Ensuring visibility into assets and continent metadata to identify assets as relevant to those target audiences is essential to success. Figure 2 shows examples of integrating paid, earned, shared and owned media.
Figure 2. Examples of Paid, Earned, Shared and Owned Integration
Using an integrated approach such as the PESO model enables teams to collaborate on how each channel will use:
- Owned and shared media to distribute messages.
- Paid media to amplify the message.
- Earned media for third-party promotion and validation.
The format may differ on some channels, but the core message and content goal will be the same. In this way, the same message can fuel the “owned” channels such as a blog, which can support shared channels on social media and be promoted with paid media to amplify the brand narrative across channels.
Evaluate and Test Operating Models and Governance to Synchronize Content Creation and Distribution
Powerful brand narratives are a byproduct of strategically developing channels and the teams that support them. These messages require early cross-team collaboration, strategic planning and a shared set of objectives and narratives.
You’ll need to establish better working relationships across functions and channels to solve disjointed channel messaging. Evaluate and refine your operating model to break down silos, address inefficiencies, support brand consistency and resolve other common structure-related problems. This could involve:
- Shifting to a more centralized model
- Creating an editorial committee
- Developing an integrated team such as a center of excellence (COE)
This integrated team should comprise leaders from each channel or practice such as brand, content, public relations, website, social, email, product, subject matter experts and events. These teams are often led by those who have insight into the latest company news, a pulse on trending topics in the media and a background in journalism. This expertise helps various user groups frame and adjust stories and messages to make them appealing across channels and audiences.

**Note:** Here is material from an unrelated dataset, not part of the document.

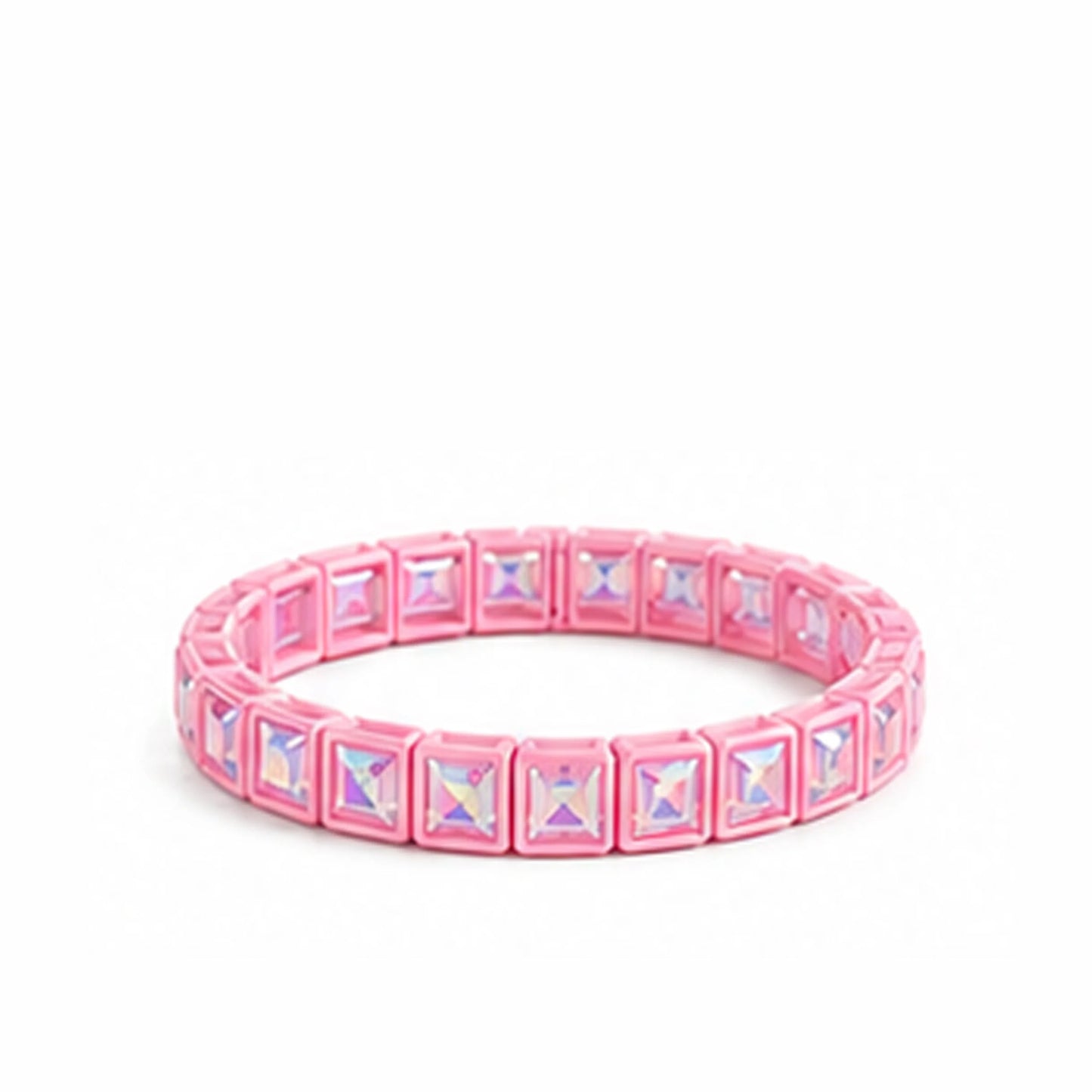 LULU MAC Rhinestone Bracelet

Teams are often structured in pods to support target customer segments, which helps to ensure that the entire customer journey is aligned to business objectives associated with the holistic channel strategy. When combined with governance models, teams can reinforce federated models with consistent core messages and storylines. This gives channel owners flexibility to adapt the content for unique execution based on best practices.
Taking special care to incorporate paid, earned, shared and owned tactics into your content strategies will best position your organization to deliver to audiences a seamless, engaging and unified message. When messaging is synchronized across channel-specific formats, the audience receives a deeper connection to the brand and strong messaging resonance.